DATA PROVIDED |
----

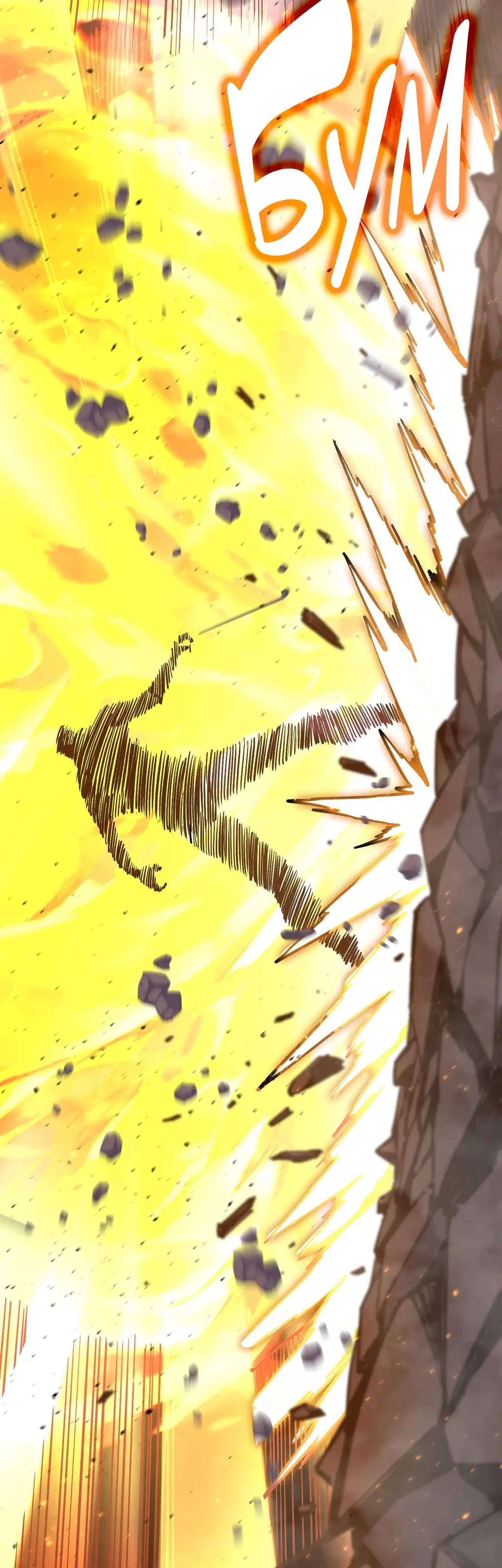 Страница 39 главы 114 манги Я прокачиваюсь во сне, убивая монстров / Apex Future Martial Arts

----

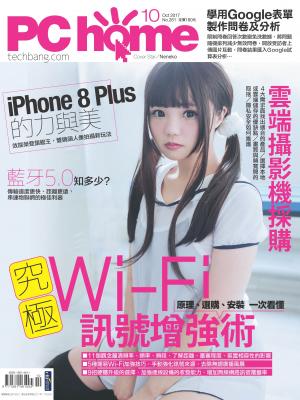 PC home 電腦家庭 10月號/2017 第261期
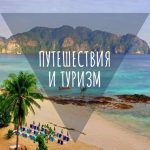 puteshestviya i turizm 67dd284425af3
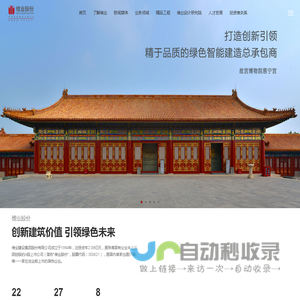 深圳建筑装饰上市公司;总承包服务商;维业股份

----

BRIEF | Everything above from the line with "puteshestviya i turizm 67dd284425af3" through the line with "深圳建筑装饰上市公司;总承包服务商;维业股份" should be retyped exactly, and nothing else; omit pictures.

RESPONSE TO THE TASK |
 puteshestviya i turizm 67dd284425af3
 深圳建筑装饰上市公司;总承包服务商;维业股份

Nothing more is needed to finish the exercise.